Com efeito, a propriedade intelectual divide-se em dois ramos: a propriedade industrial, que compreende as invenções (patentes), as marcas, os desenhos e modelos industriais e as denominações de origem, enquanto os direitos de autor abrangem as obras literárias e artísticas.

Ora, segundo a Inspecção-Geral das Actividades Culturais (IGAC), não são protegidos e não podem ser registados os conceitos, as ideias, os processos, os sistemas e os métodos operacionais. Isto é, com a mesma ou outra denominação, um festival com música e outros espectáculos não pode ser considerado ‘propriedade’ exclusiva de uma empresa, logo não pode ser feito sem concorrência.

Álvaro Bila, presidente da autarquia de Portimão a divulgar no ano passada a Noitada.

Em todo o caso, estes dois grandes ajustes directos já ‘estão no papo’ da New Sheet. E não são os únicos. A autarquia fez outros dois ajustes directos no ano passada com esta empresa de Oeiras, embora com valores mais pequenos.

O primeiro, no valor de 98.400 euros (com IVA), consistiu na ‘aquisição de serviços para o projecto ‘100 anos, 100 sardinhas’. O outro, no montante de 81.075 euros foi justificado com a ‘aquisição de serviços para a contratação de artistas para animação musical ‘Celebrações Passagem de Ano 2024/2025′”.

Estes montantes estão mais em linha com os restantes contratos que a New Sheet obteve junto de outras autarquias. Desde 2019, quando conseguiu o primeiro contrato público, a empresa de Oeiras já obteve 40 contratos, no total.

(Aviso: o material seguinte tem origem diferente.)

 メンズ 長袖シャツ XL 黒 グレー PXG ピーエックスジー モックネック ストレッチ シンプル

Com a excepção das duas edições de ‘Noitada’ com o município de Portimão, os valores dos restantes contratos oscilam entre os 6.300 euros e os 90.000 euros (sem IVA).

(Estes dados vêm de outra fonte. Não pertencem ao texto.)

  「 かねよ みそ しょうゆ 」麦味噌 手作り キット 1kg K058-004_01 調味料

Ou seja, a autarquia de Portimão garantiu à New Sheet, em apenas dois contratos, cerca de 60% da facturação total que a empresa já registou junto de entidades públicas nos últimos sete anos. Isto em duas ‘noitadas’ de festa e animação. A ressaca, se houver, essa fica sempre para os contribuintes.

Portimão fez quatro ajustes directos com a New Sheet em menos de um ano. No total, o município pagou 1,8 milhões de euros à empresa. Fonte: Portal Base

Por fim, não se diga que falta animação a Portimão, e mais gastos públicos. Tanto no ano passado como este ano, pois dias passados do fim da ‘Noitada’ vem o Festival da Sardinha, com mais espectáculos ‘grátis’ que custam centenas de milhares de euros. A edição do ano passado ocorreu entre os dias 30 de Julho e 4 de Agosto, ou seja, começou três dias depois da ‘Noitada’.

Nesse caso, a autarquia foi mais ‘comedida’, e fez adjudicações com várias empresas,que custaram, no total, cerca de 350 mil euros com IVA.Mas, pelo menos foram seis dias inteiros de festa, que incluíram concertos com Aurea, Marisa Liz, Richie Campbell, Anjos e Delfins.